Share

Italy and Europe, too many misunderstandings: it's time to resume the dialogue

In Italy, Europe appears as the surly controller of the budget that prevents the revival of the economy, as the unjust flogger of the banks and as the miserly dispenser of aid for immigration, while Europe once again sees us as a Country refractory to budgetary discipline and rules but the facts contradict both and it's up to the Gentiloni government to heal the wounds and move on

The state of relations between our country and the European Union is bad, and even more worrying is the incomprehension of both sides' reasons that is deepening between national elites and in public opinion. And yet, there have been positive economic policy decisions at every level which have contributed to the cohesion of the system.

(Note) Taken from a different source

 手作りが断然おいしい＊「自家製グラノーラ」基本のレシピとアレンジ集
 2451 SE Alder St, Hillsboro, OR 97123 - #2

In Italy, Europe appears as the surly controller of the budget that prevents the economy from being revived, the unjust flogger of the banks, the miserly dispenser of the aid necessary to manage unstoppable migratory flows - a problem that now concerns almost exclusively the 'Italy, the only European country in which migrants can enter, but from which they can no longer leave. Substantial layers of industrial and financial management show distrust in our ability to stay in the euro; some even hope for our exit from the common currency, I fear without carefully evaluating the consequences (on the subject, I suggest consulting the Greek premier Tsipras, who changed course when the end of the ECB's liquidity support forced the banks to close). He certainly did not help the public rhetoric of the outgoing government which was excessively and unnecessarily aggressive towards Europe, in the vain hope of taking away ground from the populists of Grillo and Salvini. It didn't work to collect votes, but it fueled public opinion's hostility towards Europe.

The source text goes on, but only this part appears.